* [Available data]

========

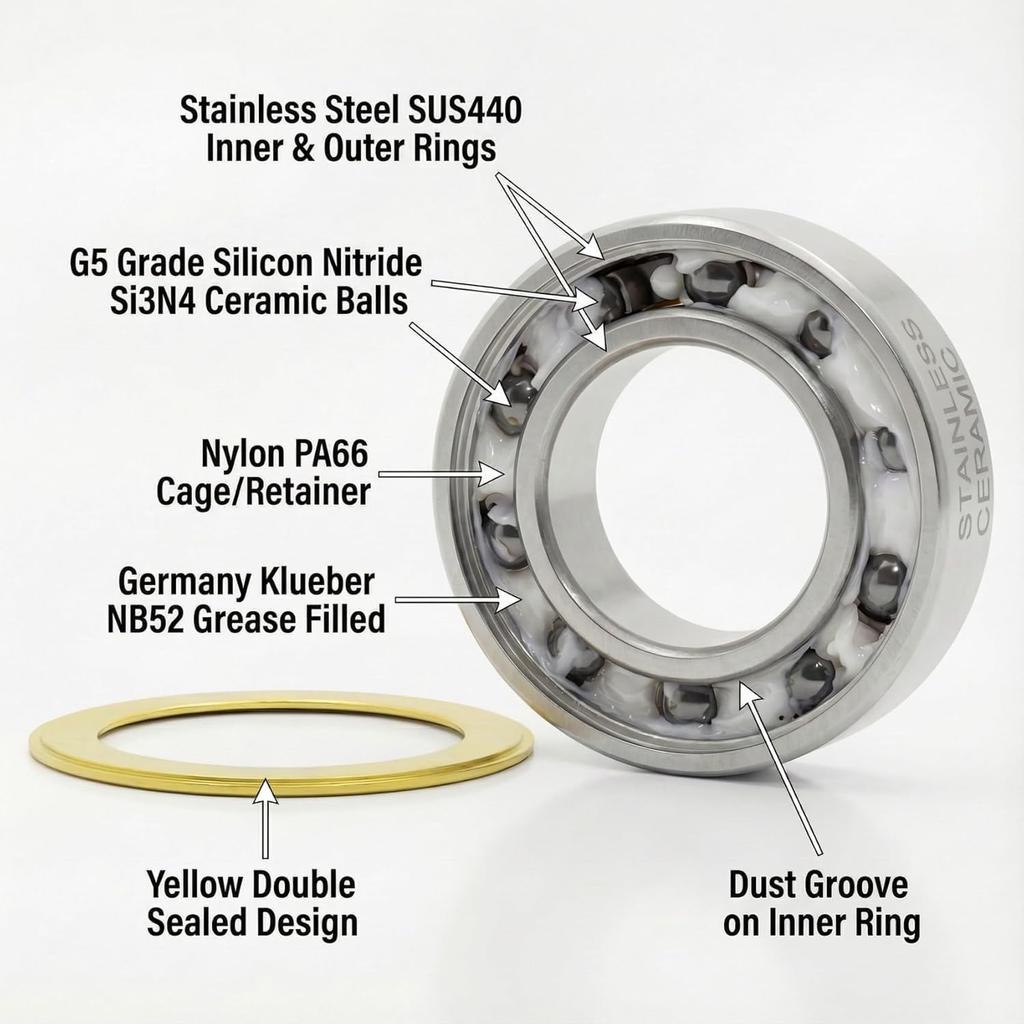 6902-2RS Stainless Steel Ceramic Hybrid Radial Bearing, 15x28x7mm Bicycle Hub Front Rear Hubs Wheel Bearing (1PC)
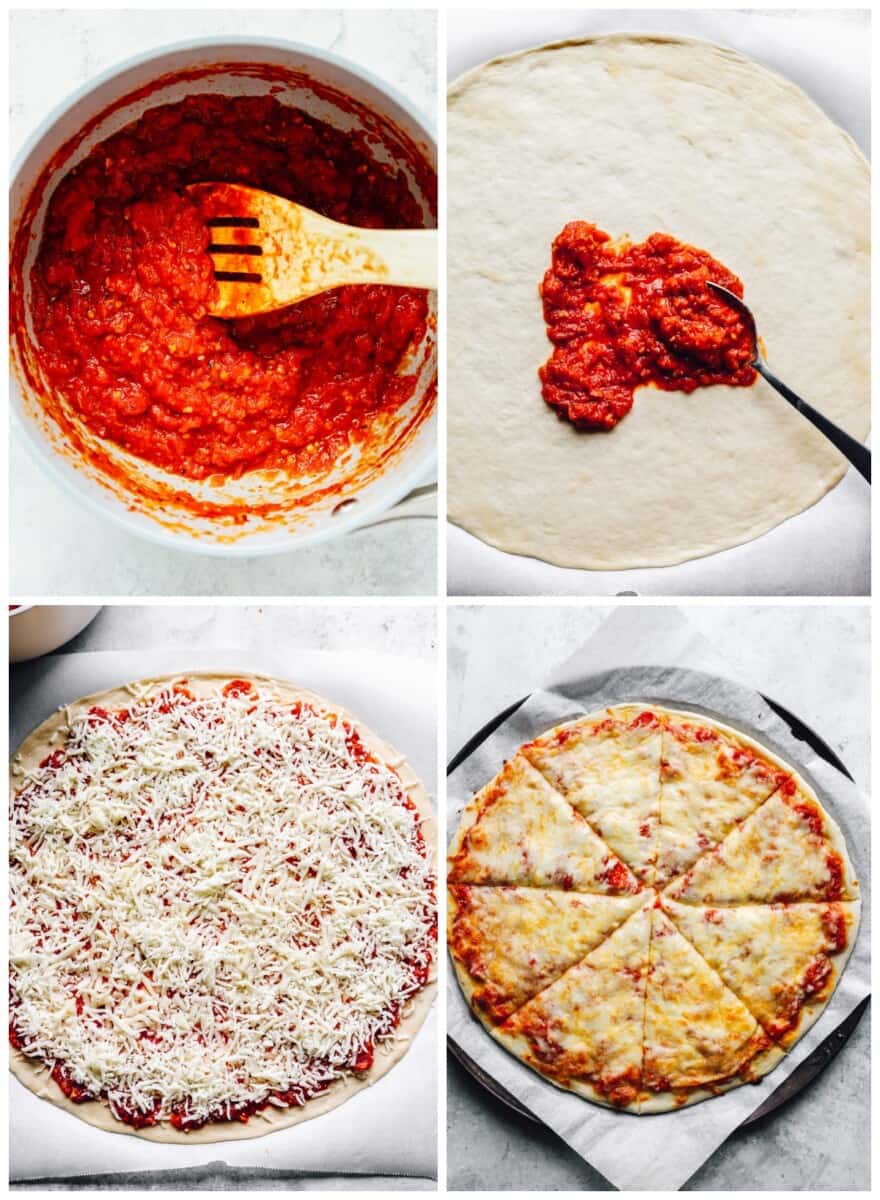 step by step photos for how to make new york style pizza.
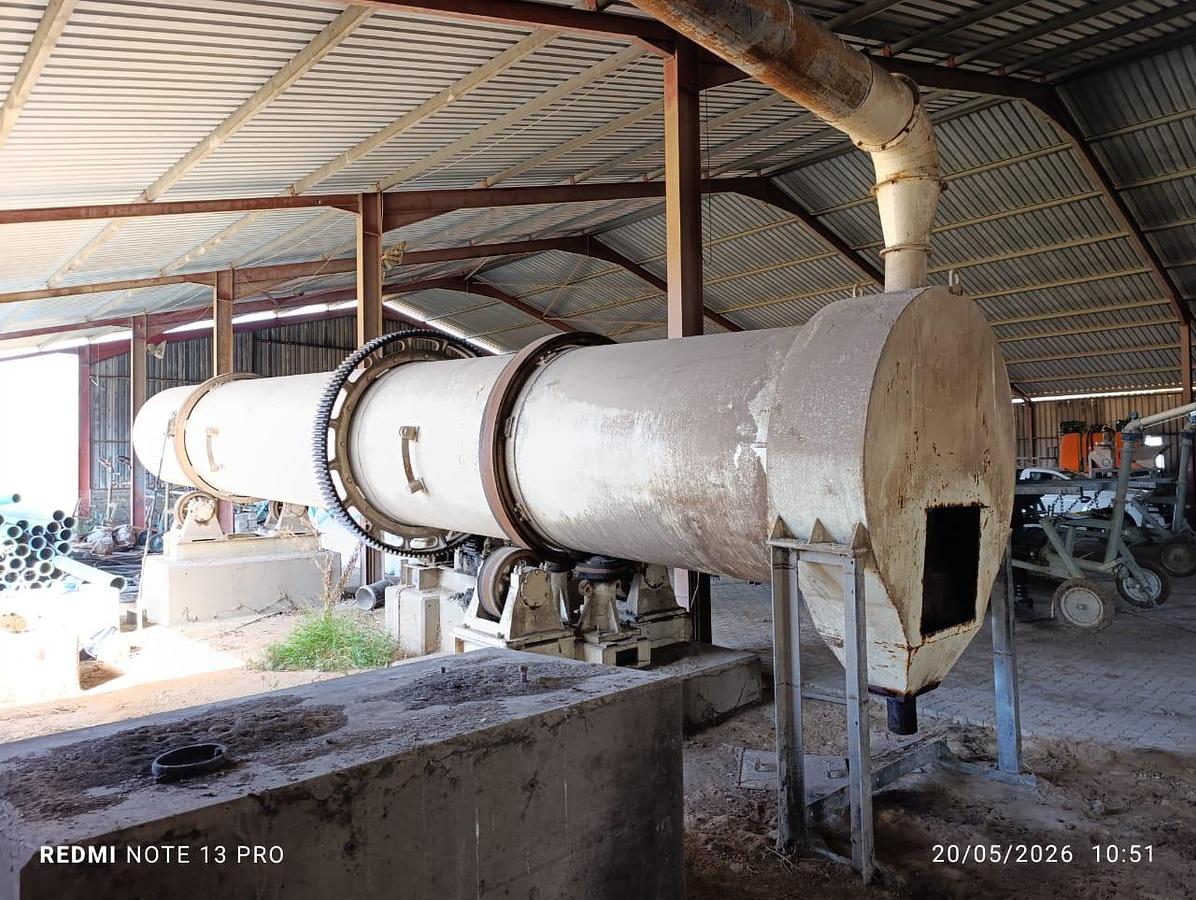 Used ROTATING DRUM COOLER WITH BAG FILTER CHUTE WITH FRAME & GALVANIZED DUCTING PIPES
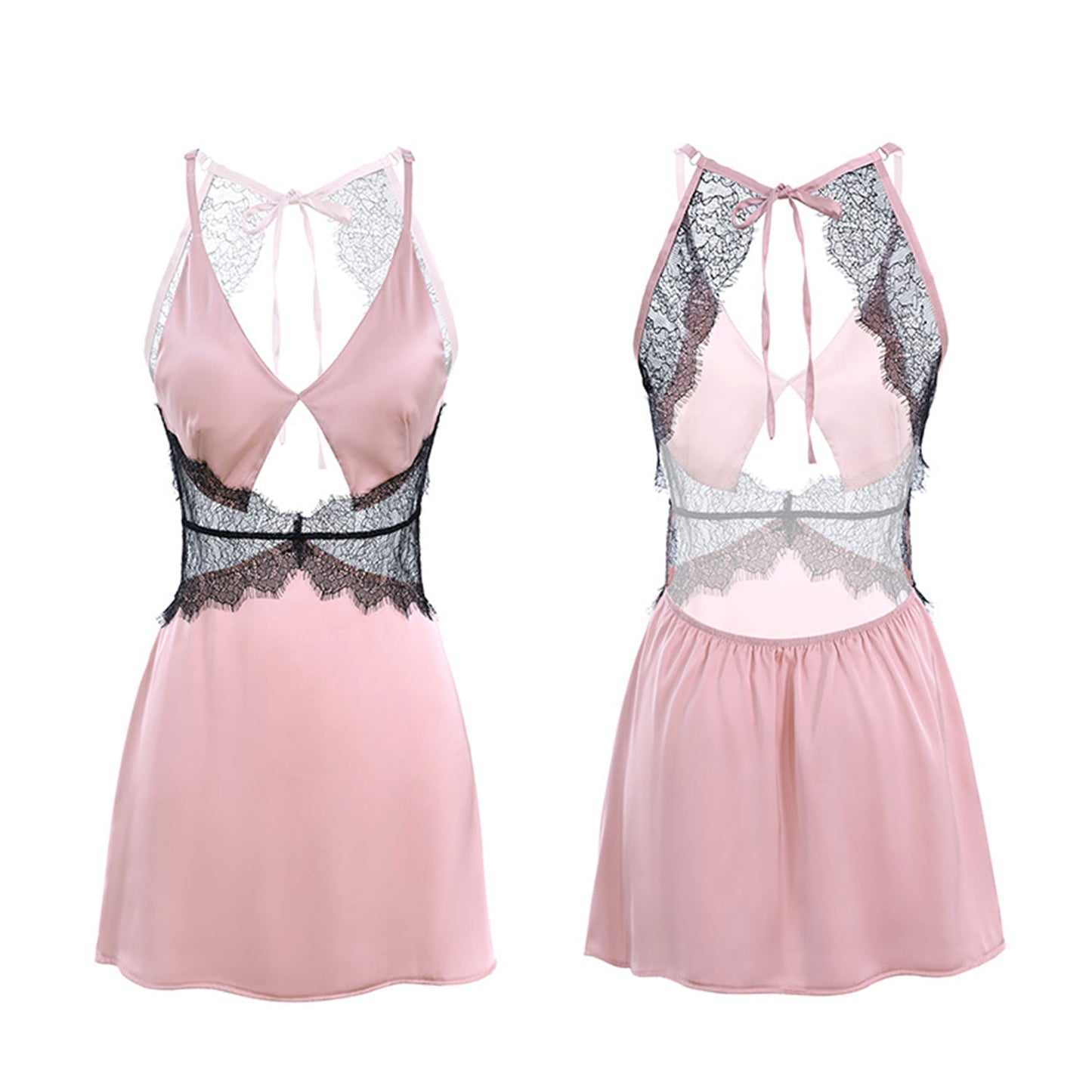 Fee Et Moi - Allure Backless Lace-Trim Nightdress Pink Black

========

* [Action item] An exact reproduction of the material is needed, without its images.

* [Solution to this task]
 6902-2RS Stainless Steel Ceramic Hybrid Radial Bearing, 15x28x7mm Bicycle Hub Front Rear Hubs Wheel Bearing (1PC)
 step by step photos for how to make new york style pizza.
 Used ROTATING DRUM COOLER WITH BAG FILTER CHUTE WITH FRAME & GALVANIZED DUCTING PIPES
 Fee Et Moi - Allure Backless Lace-Trim Nightdress Pink Black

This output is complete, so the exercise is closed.